Italian pianist stirs crowd at Cliburn International

June 03, 1993|By Tim Madigan | Tim Madigan,Fort Worth Star-Telegram

Italian crowd-pleaser Simone Pedroni, who brought a semifinal audience to its feet with a dramatic recital Tuesday afternoon, was one of six pianists selected later that night in Fort Worth, Texas, for the finals of the ninth Van Cliburn International Piano Competition.

The five other finalists selected are fellow Italian Fabio Bidini, Armen Babakhanian of Armenia, Belgian Johan Schmidt, American Christopher Taylor and Russian Valery Kuleshov.

Mr. Taylor is the first American in the finals since 1981.

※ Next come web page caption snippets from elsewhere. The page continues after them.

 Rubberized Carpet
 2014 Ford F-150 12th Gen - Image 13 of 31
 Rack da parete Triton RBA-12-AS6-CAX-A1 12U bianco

Half the crowd at the competition stood to applaud Mr. Pedroni's fTC recital, a performance highlighted by a Franz Haydn sonata and the familiar "Pictures at an Exhibition," the fourth Cliburn performance of Russian composer Modest Petrovich Mussorgsky's moody masterpiece.

"He's my winner," said Leila Getz, director and general manager of the Vancouver Recital Society. "It was glorious playing. There was just such variety. Other times with 'Pictures,' I fall asleep. This was just magnificent."

The sentiment was repeated by many as the crowd filed out at theclose of Tuesday's afternoon session. Piano experts and casual listeners alike consistently favored Mr. Pedroni to advance.

However, the 13 jurors had the ultimate decision on which six of the 12 semifinalists move on to the finals, which begin today.

The Cliburn winner will be named Sunday after each finalist plays two concertos at the Fort Worth/Tarrant County Convention Center Theatre.

The competition's gold medal is accompanied by a $15,000 first prize, a Carnegie Hall debut and a two-year series of international concert dates.

Mr. Pedroni, who has been impressive at the Cliburn from his first performance, said he felt "very tranquil" after the grueling 75-minute recital, perhaps the 14-day competition's most pressure-packed test.

Whereas Mr. Pedroni drew nearly uniform raves, the afternoon chamber performance of Russian Alexander Melnikov, 20, spawned deep rifts in audience opinion. Mr. Melnikov, among the most confident and charismatic performers, thrust the American String Quartet into the background with an exuberant rendition of Robert Schumann's Piano Quintet in E-flat major, an unusual reading of the work.